O PPA de G&G resultou em considerável ampliação do conhecimento geológico e do nosso potencial petrolífero. Trata-se do uso adequado de instrumento de planejamento governamental de médio prazo, que teve uso ideologicamente diversificado ao longo da história: da Revolução Russa de 1917 ao New Deal dos anos 30, Plano Marshall à atuação da Cepal nos anos 50 até a crise do petróleo nos anos 70.
Incorporar – ou mesmo sincronizar – o PPA de G&G a um PPA de rodadas de licitação de blocos permitiria às empresas concessionárias e à cadeia de fornecedores de bens e serviços o planejamento de seus investimentos com salutar antecedência. Por meio do plano, o CNPE, com suporte técnico da ANP e ouvindo as empresas, anunciaria um cronograma de realização de rodadas nos cinco anos subsequentes, com proposta inicial de bacias e blocos a serem ofertados.
Entre os benefícios, pode-se elencar: 1- economia, potencialização e melhor aproveitamento dos recursos públicos do PPA de G&G, pois a previsibilidade impulsionaria levantamentos especulativos, sem custo para o país, para venda às concessionárias; 2- período de tempo apropriado para concessionários estudarem as áreas ofertadas; 3- adequada sinalização temporal para a indústria fornecedora, que poderia investir de acordo com a projeção de demanda indicada pelo calendário de rodadas; 4- planejamento coerente e harmônico de políticas públicas de conteúdo local, de P&D, de recursos humanos, de financiamento, etc; e 5- maior competição nos leilões.

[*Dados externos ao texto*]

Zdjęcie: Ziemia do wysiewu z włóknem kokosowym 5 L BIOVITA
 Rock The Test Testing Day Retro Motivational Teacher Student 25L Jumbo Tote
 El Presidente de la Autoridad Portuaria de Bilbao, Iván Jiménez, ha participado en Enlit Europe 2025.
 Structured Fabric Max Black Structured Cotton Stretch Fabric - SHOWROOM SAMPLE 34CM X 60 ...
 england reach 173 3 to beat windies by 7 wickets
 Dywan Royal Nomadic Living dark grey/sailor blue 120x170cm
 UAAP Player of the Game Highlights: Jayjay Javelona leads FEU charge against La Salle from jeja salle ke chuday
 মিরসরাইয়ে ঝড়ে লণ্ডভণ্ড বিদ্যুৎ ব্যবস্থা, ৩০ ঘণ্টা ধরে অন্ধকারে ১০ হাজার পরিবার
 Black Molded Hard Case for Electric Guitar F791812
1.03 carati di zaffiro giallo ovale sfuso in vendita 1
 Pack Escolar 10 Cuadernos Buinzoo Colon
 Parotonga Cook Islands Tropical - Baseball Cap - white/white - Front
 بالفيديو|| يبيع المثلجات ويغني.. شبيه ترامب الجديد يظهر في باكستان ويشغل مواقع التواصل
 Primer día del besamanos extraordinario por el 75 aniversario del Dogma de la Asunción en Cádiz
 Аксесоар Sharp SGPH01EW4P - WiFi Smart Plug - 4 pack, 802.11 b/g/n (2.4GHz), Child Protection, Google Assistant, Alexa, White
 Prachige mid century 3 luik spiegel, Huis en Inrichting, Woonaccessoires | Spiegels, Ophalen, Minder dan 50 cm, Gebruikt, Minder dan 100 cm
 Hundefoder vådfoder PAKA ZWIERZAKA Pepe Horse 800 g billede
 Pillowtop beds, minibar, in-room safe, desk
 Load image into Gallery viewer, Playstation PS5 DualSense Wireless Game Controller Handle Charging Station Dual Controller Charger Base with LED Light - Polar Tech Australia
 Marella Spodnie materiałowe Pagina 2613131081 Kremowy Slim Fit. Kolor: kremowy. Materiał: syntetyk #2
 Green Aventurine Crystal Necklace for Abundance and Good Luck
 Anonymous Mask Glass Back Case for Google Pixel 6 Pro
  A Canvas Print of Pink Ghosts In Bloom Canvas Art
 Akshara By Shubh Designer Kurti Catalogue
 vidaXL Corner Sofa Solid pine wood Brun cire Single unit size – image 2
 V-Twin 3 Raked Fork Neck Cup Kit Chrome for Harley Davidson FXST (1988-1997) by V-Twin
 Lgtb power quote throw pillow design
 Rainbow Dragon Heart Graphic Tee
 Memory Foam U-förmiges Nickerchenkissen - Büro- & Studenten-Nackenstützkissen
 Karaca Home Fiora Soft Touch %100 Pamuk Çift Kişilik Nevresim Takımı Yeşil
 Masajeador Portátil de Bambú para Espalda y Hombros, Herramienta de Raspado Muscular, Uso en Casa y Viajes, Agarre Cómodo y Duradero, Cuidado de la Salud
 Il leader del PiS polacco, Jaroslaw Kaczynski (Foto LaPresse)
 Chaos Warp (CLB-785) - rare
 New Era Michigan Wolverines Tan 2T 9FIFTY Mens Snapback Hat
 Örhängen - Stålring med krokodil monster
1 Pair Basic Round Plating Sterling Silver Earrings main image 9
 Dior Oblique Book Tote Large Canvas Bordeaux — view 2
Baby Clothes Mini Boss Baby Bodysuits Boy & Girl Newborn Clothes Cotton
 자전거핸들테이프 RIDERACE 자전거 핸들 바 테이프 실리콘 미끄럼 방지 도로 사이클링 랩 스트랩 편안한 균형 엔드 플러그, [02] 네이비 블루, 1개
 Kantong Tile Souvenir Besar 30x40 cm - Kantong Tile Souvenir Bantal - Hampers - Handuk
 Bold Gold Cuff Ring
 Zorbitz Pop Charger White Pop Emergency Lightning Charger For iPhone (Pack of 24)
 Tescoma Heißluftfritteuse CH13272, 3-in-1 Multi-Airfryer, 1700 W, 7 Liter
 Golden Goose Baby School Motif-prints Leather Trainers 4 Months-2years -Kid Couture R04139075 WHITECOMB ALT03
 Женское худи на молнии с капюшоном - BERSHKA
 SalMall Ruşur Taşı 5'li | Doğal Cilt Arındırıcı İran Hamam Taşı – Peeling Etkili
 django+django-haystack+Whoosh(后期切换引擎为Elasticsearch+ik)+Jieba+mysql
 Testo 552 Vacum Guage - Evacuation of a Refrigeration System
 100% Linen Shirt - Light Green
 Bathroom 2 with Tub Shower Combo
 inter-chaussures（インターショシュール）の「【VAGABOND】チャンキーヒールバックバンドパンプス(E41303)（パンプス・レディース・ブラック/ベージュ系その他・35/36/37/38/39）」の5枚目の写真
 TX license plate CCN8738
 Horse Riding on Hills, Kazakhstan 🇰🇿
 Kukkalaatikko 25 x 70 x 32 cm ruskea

A cada ano poderia ser realizada, por meio de audiência pública, uma avaliação do PPA, com possíveis revisões e adequações a partir da realidade objetiva, permitindo à ANP e ao governo aperfeiçoar seu planejamento, inclusive se utilizando de pesquisas de satisfação dos agentes do setor.
Há amplo espaço, e mesmo uma necessidade, para se avançar em um projeto articulado que assegure maior atratividade para o upstream brasileiro e represente a ampliação das províncias produtoras atuais. O efetivo alcance desse objetivo requer a previsibilidade que só um PPA pode assegurar.
Marcos Cintra, executivo do setor petrolífero especializado em economia e gestão em energia (Coppead-UFRJ), é mestre em políticas públicas, estratégias e desenvolvimento (IE-UFRJ).